Long-term LNG prices, which are typically indexed against oil at a slope of around 15% of Brent crude plus a premium, are averaging over $17.00/MMBtu in line with strong oil prices, according to traders.
"[T]he start-up of new LNG import facilities in China, Singapore, Malaysia and South Korea may provide a boost for Asian spot prices as we move closer to the fourth quarter," JBC Energy research said earlier this week.
It said China alone is set to add three new import terminals with combined capacity of almost 10 million tons before the end of this year, taking the country's import capacity to more than 30 million tons.
The spot LNG market in Asia has been tight this year because of supply constraints. Algeria's Skikda and Angola's Luanda gas projects were the only new projects to start production, while higher gas output in Australia offset the decline in Indonesian gas exports.
"With no further liquefaction capacity additions scheduled until the second half of 2014, we expect global LNG supply to remain broadly unchanged in 2013," Barclays said in a note.
The bank expects four liquefaction projects--for exporting gas--to start next year with a combined capacity of 2.5 billion cubic feet/day, boosting LNG supply.
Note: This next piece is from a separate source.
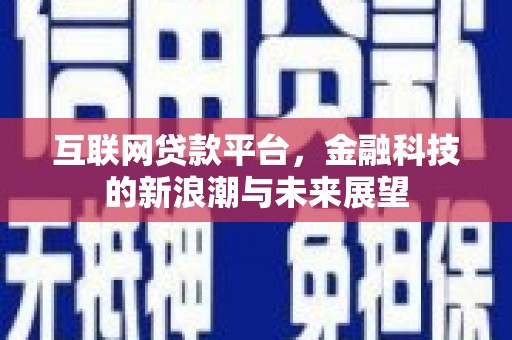 大连互联网贷款平台，金融科技的新浪潮与未来展望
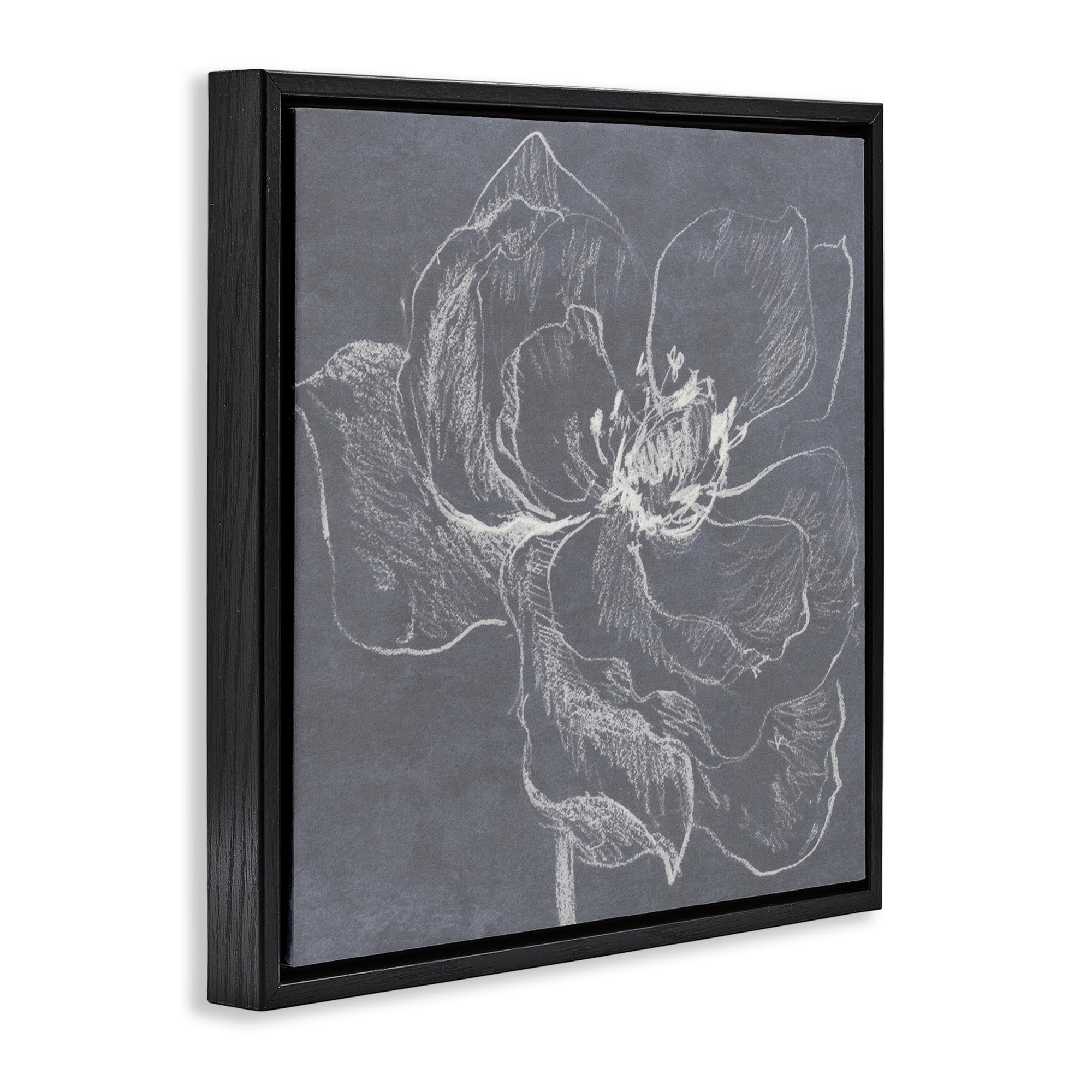 Stupell Industries Magnolia Doodle Outline Plants & Flowers Drawing Black Floater Framed Canvas Art Print Wall Art, 25 x 25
However, regasification or import capacity growth next year is expected at 2.8 billion cubic feet/day, with all terminals but one located in Asia.
"The supply growth we project next year should be easily absorbed and we do not expect supply-demand balances to loosen significantly," Barclays said.
Japan and Korea, the world's largest LNG importers, roughly account for half of the global LNG demand and are expected to continue pulling the bulk of LNG cargoes as their nuclear power plants remain offline.
North Asian LNG markets will also move from the current post-summer season to peak winter demand, which is generally bullish for LNG prices.
However, given that LNG prices failed to surge despite unexpected supply shortages and a recent heat wave this year, peak winter demand may also fail to boost LNG premiums.
"Asian demand is peaking right now, but the added weather stimulus is coming too late in the season to produce a large-scale buying panic in the already tepid market," PIRA Energy said in a recent report.